Records excerpted from a collection
□ □ □ □
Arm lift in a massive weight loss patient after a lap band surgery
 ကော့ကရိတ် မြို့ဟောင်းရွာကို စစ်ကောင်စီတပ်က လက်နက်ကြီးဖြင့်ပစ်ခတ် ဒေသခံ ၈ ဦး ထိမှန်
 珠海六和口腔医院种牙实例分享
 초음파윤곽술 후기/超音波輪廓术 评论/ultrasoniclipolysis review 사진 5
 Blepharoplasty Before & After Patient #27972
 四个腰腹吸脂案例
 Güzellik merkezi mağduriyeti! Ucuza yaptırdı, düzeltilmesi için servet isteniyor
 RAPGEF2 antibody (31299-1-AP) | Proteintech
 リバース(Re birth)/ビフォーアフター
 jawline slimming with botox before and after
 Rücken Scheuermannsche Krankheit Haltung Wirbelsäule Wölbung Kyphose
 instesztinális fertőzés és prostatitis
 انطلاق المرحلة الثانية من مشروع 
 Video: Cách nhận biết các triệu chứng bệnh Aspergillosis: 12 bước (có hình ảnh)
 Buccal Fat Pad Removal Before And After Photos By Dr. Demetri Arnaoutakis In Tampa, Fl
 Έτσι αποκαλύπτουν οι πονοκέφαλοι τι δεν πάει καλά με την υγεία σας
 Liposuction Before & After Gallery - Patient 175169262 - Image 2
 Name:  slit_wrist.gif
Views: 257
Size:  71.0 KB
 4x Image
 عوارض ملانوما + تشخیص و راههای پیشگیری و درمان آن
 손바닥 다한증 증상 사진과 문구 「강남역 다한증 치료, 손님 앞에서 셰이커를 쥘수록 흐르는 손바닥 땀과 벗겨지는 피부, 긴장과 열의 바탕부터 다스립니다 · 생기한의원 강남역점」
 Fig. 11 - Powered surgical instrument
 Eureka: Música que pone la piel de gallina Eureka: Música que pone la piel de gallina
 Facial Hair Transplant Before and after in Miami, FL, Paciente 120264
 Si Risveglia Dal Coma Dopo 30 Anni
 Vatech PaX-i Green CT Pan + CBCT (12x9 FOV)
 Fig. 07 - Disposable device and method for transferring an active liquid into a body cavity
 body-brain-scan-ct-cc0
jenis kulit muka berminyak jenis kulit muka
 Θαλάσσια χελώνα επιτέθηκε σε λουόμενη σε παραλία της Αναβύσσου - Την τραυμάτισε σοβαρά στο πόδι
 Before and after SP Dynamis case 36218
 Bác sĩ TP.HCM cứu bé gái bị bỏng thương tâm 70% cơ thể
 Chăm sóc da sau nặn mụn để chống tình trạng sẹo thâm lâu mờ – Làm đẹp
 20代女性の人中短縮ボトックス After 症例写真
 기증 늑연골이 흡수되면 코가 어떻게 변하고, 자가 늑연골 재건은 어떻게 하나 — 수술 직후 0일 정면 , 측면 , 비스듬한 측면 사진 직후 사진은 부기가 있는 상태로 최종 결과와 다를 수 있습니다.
□ □ □ □
Starting with the first line of the records above, give back each line exactly until the line with "jawline slimming with botox before and after" has been given as well.

Arm lift in a massive weight loss patient after a lap band surgery
 ကော့ကရိတ် မြို့ဟောင်းရွာကို စစ်ကောင်စီတပ်က လက်နက်ကြီးဖြင့်ပစ်ခတ် ဒေသခံ ၈ ဦး ထိမှန်
 珠海六和口腔医院种牙实例分享
 초음파윤곽술 후기/超音波輪廓术 评论/ultrasoniclipolysis review 사진 5
 Blepharoplasty Before & After Patient #27972
 四个腰腹吸脂案例
 Güzellik merkezi mağduriyeti! Ucuza yaptırdı, düzeltilmesi için servet isteniyor
 RAPGEF2 antibody (31299-1-AP) | Proteintech
 リバース(Re birth)/ビフォーアフター
 jawline slimming with botox before and after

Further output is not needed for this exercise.